Ankündigung und zu den Personen: "Green New Deal" - ein Ausweg aus der Krise? Zwischen Illusion und Wirklichkeit
Die Veranstaltung wurde auf vier Videos aufgezeichnet, die hier abrufbar sind:
(1) www.youtube.com/watch?v=AKARlSOQrYM&feature=relmfu
(2) www.youtube.com/watch?v=7bqPYPFf8cQ&feature=relmfu
(3) www.youtube.com/watch?v=bIcaE8mIR7c&feature=relmfu
(4) www.youtube.com/watch?v=SzFTj6h00gA&feature=relmfu
Annette Bartsch: Es droht ein Kollaps der internationalen Finanzen, es gibt Krisen der Gerechtigkeit und der Politik. Viele Fragen und Ratlosigkeit, wir stoßen an die Grenzen des Wachstums. Fragen wir dazu einen Anhänger und einen Kritiker des Konzeptes „Green New Deal“.

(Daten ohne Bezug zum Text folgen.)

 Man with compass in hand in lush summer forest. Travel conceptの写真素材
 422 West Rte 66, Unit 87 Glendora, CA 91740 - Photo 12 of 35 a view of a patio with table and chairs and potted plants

Sven Giegold (Anhänger des „Green New Deal“): Zur Zeit beobachten wir eine Zerstörung der natürlichen Schöpfung, ein Aufgehen der sozialen Schere, der Abstand zwischen Arm und Reich wird immer größer. Die Ungleichheit zwischen den Staaten in der Welt wächst, aber auch die Ungleichheit innerhalb der Staaten. Dies schadet dem Zusammenhalt der Gesellschaft. Wir sehen einen Verlust von Steuerungsfähigkeit und es besteht eine Instabilität des Wirtschaftssystems. Die Instrumente des Nationalstaates reichen zu einer Lösung der Probleme nicht mehr aus. Das Finanzsystem ist zunehmend parasitär. Die Eurokrise hat ihre eigenen Probleme, es gibt aber auch viele Interaktionen mit dem allgemeinen Finanzproblem. Der Vorrang der Ökonomie gegenüber der Politik und das globale Freisetzen der Finanzsysteme führte zu einer Dominanz der Finanzwirtschaft. Eine Kontrolle der Finanzsysteme ist national nicht mehr möglich.
Wir müssen fragen, welche Maßnahmen am erfolgversprechendsten sind? Keiner hat eine Antwort, die richtig ist. Sozialistische Wirtschaftspolitik ist nicht so erfolgreich, neoliberale schon gar nicht, welche Strategien sind nötig?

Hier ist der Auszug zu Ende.